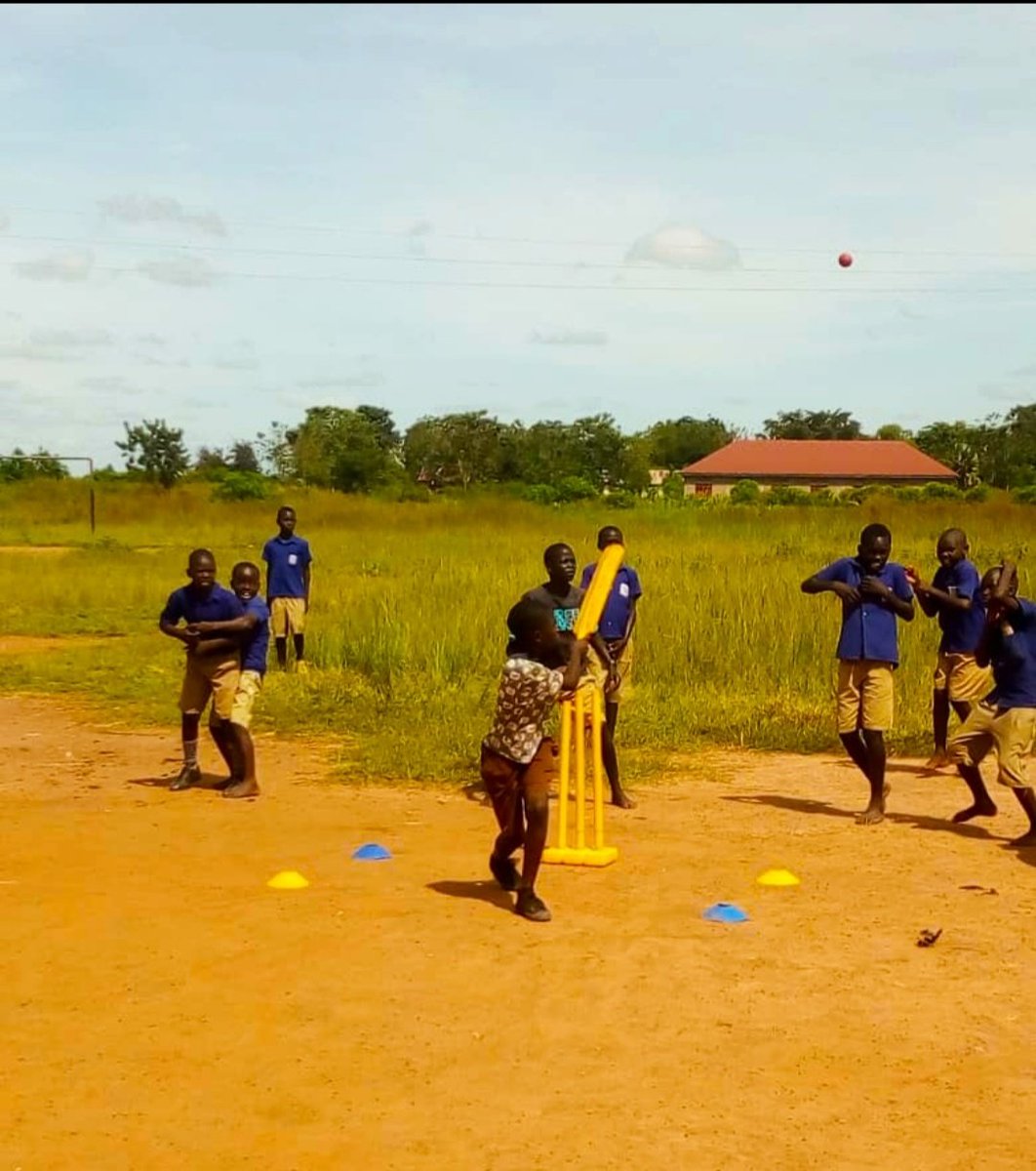 Tembo26's tweet photo. #FridayFeeling When bowl the #wrongline Fielders suffer #Urteedoff @SorotiAcademy @LarryOmugaanga @CricketUganda @musanafelix46
#CricketHumor https://t.co/SaY1Cgn9Os
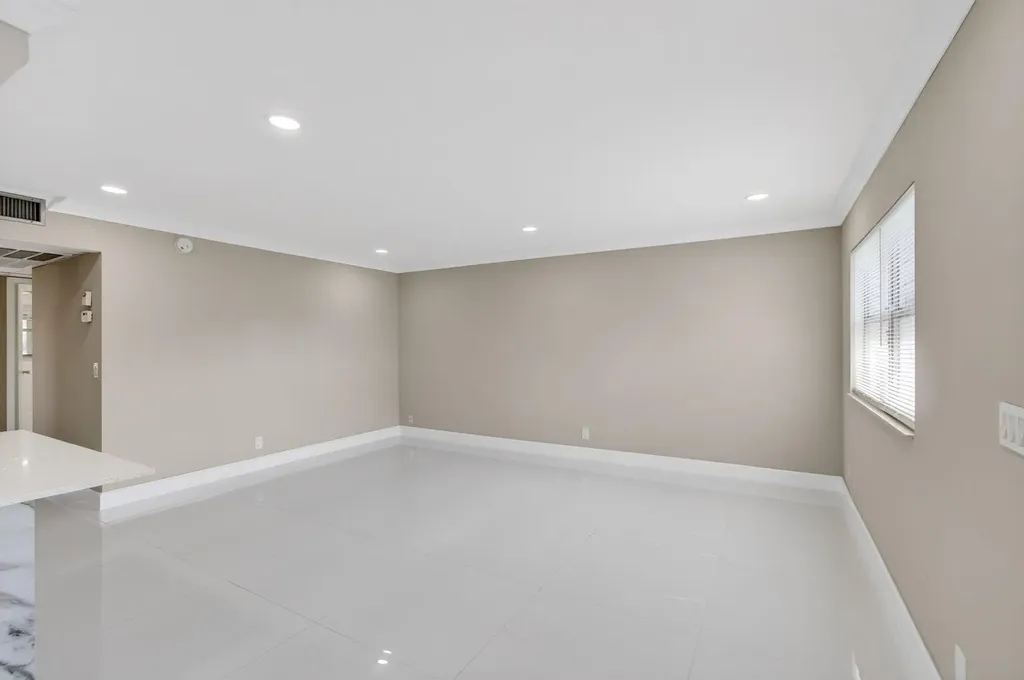 429 Flanders I Delray Beach FL 33484
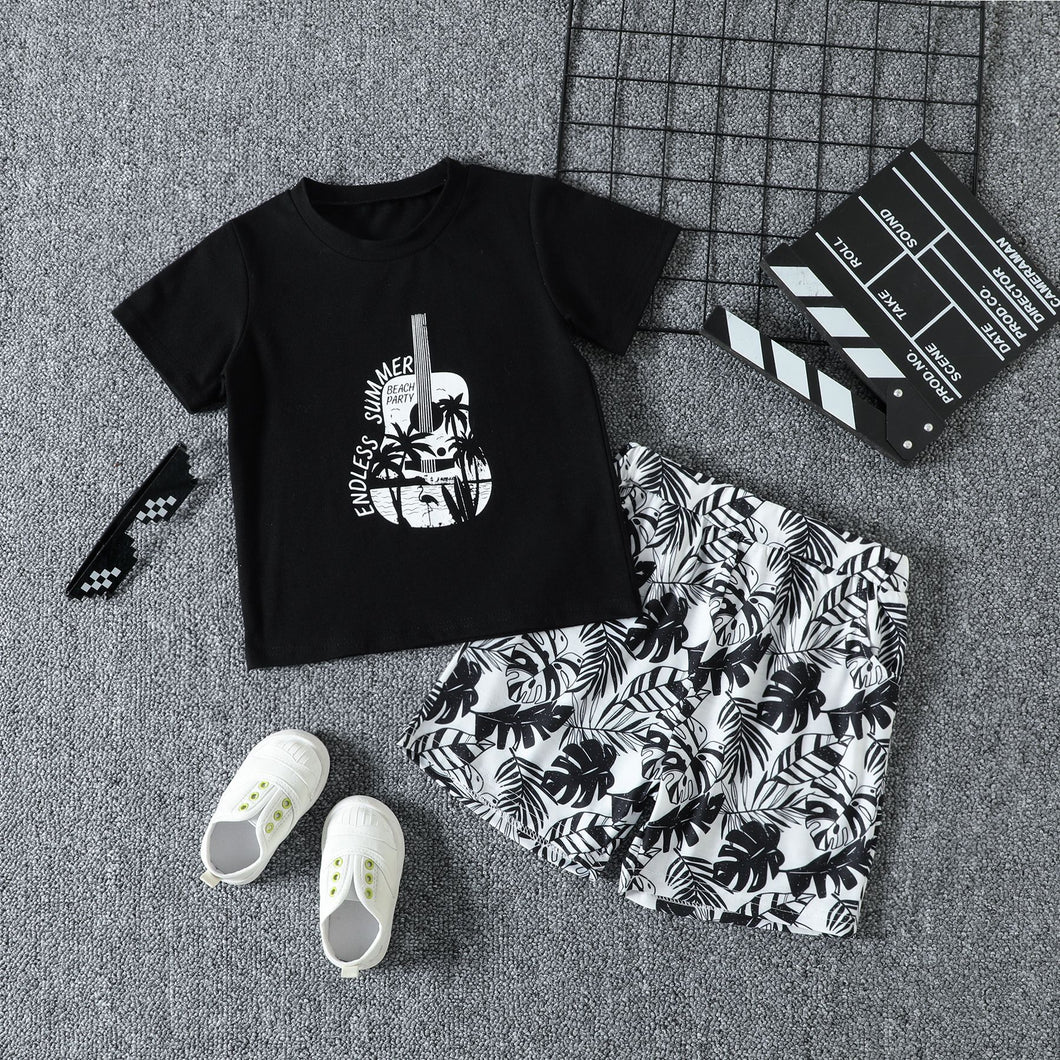 Remera negro de guitarra y short con estampas de hojas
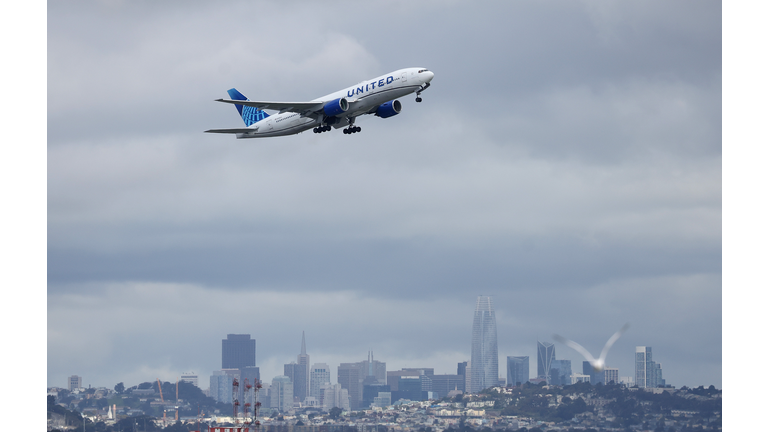 United Airlines Stock Dips After Posting Profit Warning For First Quarter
==================================================
__WHAT THIS TASK INVOLVES__. Transcribe each entry exactly; images stay out.

__FINAL ANSWER__.
 Tembo26's tweet photo. #FridayFeeling When bowl the #wrongline Fielders suffer #Urteedoff @SorotiAcademy @LarryOmugaanga @CricketUganda @musanafelix46
#CricketHumor https://t.co/SaY1Cgn9Os
 429 Flanders I Delray Beach FL 33484
 Remera negro de guitarra y short con estampas de hojas
 United Airlines Stock Dips After Posting Profit Warning For First Quarter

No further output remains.